Isaacs Art Center

Marguerite Blasingame (1906–1947)

Marguerite Blasingame (1906–1947)

Marguerite Louis Blasingame (1906 - 1947) was an American sculptor and painter who was born Marguerite Louis in Honolulu. She graduated from the University of Hawai’i and then went on to earn an M.A. in art from Stanford University in 1928. Marguerite returned to Hawaii, where she became an established sculptor of figural works, many of them bas-reliefs in wood and stone. Her depictions were usually sinuous in contour with simplified anatomy. During the Great Depression, she was a WPA artist and filled many commissions for architectural panels.

 In 1934 Blasingame founded the Hawaiian Mural Arts Guild in 1934, along with Isami Doi, Madge Tennent, and others. She authored A Course in Art Appreciation for the Adult Layman, which was published by Stanford University Press. One of her wooden sculptures is installed in the Holt Gallery of the Honolulu Museum of Art. Other sculptures in public places includes an untitled 1935 marble sculpture in Ala Moana Park in Honolulu.

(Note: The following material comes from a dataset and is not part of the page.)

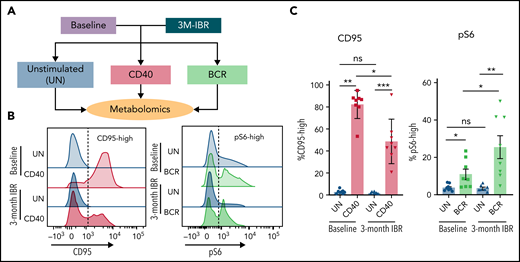 Effects of IBR treatment on in vitro CD40 and BCR stimulation. (A) As an indirect way to study LN metabolism, PB mononuclear cell samples from patients with CLL at baseline or after 3-month treatment with IBR were restimulated with in vitro CD40/BCR by coculture on CD40L-expressing 3T3 cells (CD40) or by anti-IgM–coated beads (BCR) for 24 hours. Metabolomic analysis was subsequently performed in these samples. (B) CD95 was measured after 24 hours of CD40 stimulation, and pS6 was measured after 30-minute BCR stimulation. Representative histograms are shown for all conditions. (C) Percentages of CD95-high cells and pS6-high cells were calculated (n = 8). Data are shown as mean ± standard error of the mean of the indicated individual values. Statistical analyses were performed with paired Student t test. *P < .05, **P < .01, ***P < .001. ns, not significant.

Marguerite Louis Blasingame died in 1947 while traveling in Mexico. On Saturday 15 March 1947, fellow island artist Madge Tennent published the following tribute to Blasingame in the Honolulu Advertiser:




To her many artist friends she represented a youthful and indomitable vitality in art, which was supported by a capacity for grueling hard work in her chosen field of true fresco and sculptured bas-relief in Hawaiian wood and stone. She was, by almost any way of thinking, too young to die. But the strangely wonderful thing is this, that she has in her sadly short young life, left more important works of art which have been placed where everybody may enjoy them, than any other island artist.